Wednesday, December 4, 2013

Since its inception in 1997, the La Conner Quilt & Textile Museum has established an influence on fiber arts from the Northwest across the Pacific to Hawaii and Japan.

These are not your grandmother’s quilts. Fiber artists weave, hook, sew, stitch, draw, dye and knot, creating rich textures and three-dimensional compositions—it’s enough to make a mere painter throw down his brush and weep.

The “quilt museum” on the hilltop in quaint La Conner now hosts “Abstracted,” a show by 44 members of the Fibre Art Network of Western Canada that raises subtle artistic questions and probes both social and racial issues.

The curator of the exhibit, Vivian Kapusta, challenged her colleagues with themes such as “Glenn Gould,” “Milkweed,” and “Ichthyic Biosphere.“ One artist renders the theme realistically and another abstracts it.

So what is an abstraction? 

“As soon as an artist interprets the image the abstraction begins,” Kapusta says. “When the image is further simplified it becomes more abstract. A very abstract piece takes only the ‘bare bones’ of the design—but the relationship to the original design remains. The final abstraction reflects the feeling/emotion of the image and the meaning may not be obvious.”

Not obvious, indeed. In “Trees and Roots,” artist Kristin Miller interprets a wild windstorm on Gabriola Island with a brilliant swirl of objects flying through trees. Janet Bednarczyk responds with sizzling red roots and a subterranean family of fungal gnomes symbiotically supporting the life above ground.

Valerie Wilson’s Op Art tail-fin view of the ‘57 Chevy in “Fifties Flair” is as lush as your teenage dreams, but the minimalist response is equally effective: Brandy Lynn Maslowski’s bird’s-eye view of white lines split the asphalt where red squares recklessly dance, expressing speed and freedom.  

“Ichthyic Biosphere,” by Judith Panson, contrasts rainbow-colored, cartoon fish with an equally “realistic” scene by Kathleen Hamann Bukoski who embroiders fish skeletons in a dead ocean; beware of global warming.

Several themes resonate deeply with Canadians.

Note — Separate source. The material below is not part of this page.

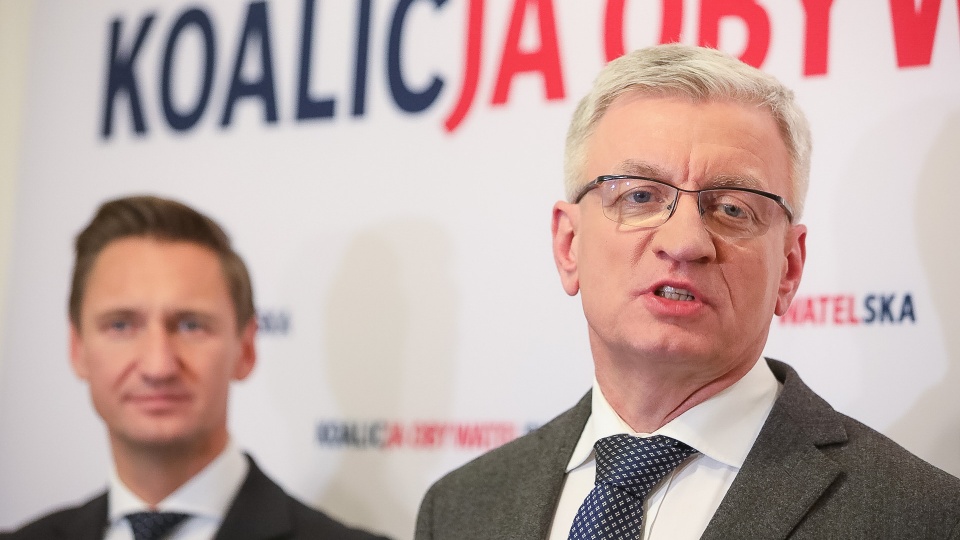 Jacek Jaśkowiak jest jednym z dwojga polityków PO w wewnętrznych prawyborach partii, które mają wyłonić kandydata na Prezydenta RP. Fot. Robert Stachnik [Radio Szczecin]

The “Arbutus” images celebrate the sensuous branches of this delicate and beloved tree that hugs the shoreline far up into British Columbia. “Glenn Gould” evokes the eccentric Toronto musical prodigy who became one of the most celebrated classical pianists of the 20th century before his untimely death.

With the panels entitled “Chooutla,” emotional abstraction invades the “representative” side.  Diana Bartelings renders a bone-white institutional building framed by mountain and forest. Aiming at it is a menacing red hatchet that encloses a caribou—hung on a crucifix. 

Chooutla, in the Yukon, was one of the government schools where native children in the past century were stripped of their language, their sense of belonging, their very identity.  These victims of abuse are even now receiving monetary settlement and apology from the Canadian government.  The answering panel by Cathie King employs a phoenix design by a native artist, to symbolize the survival of the human spirit and rebirth of native culture.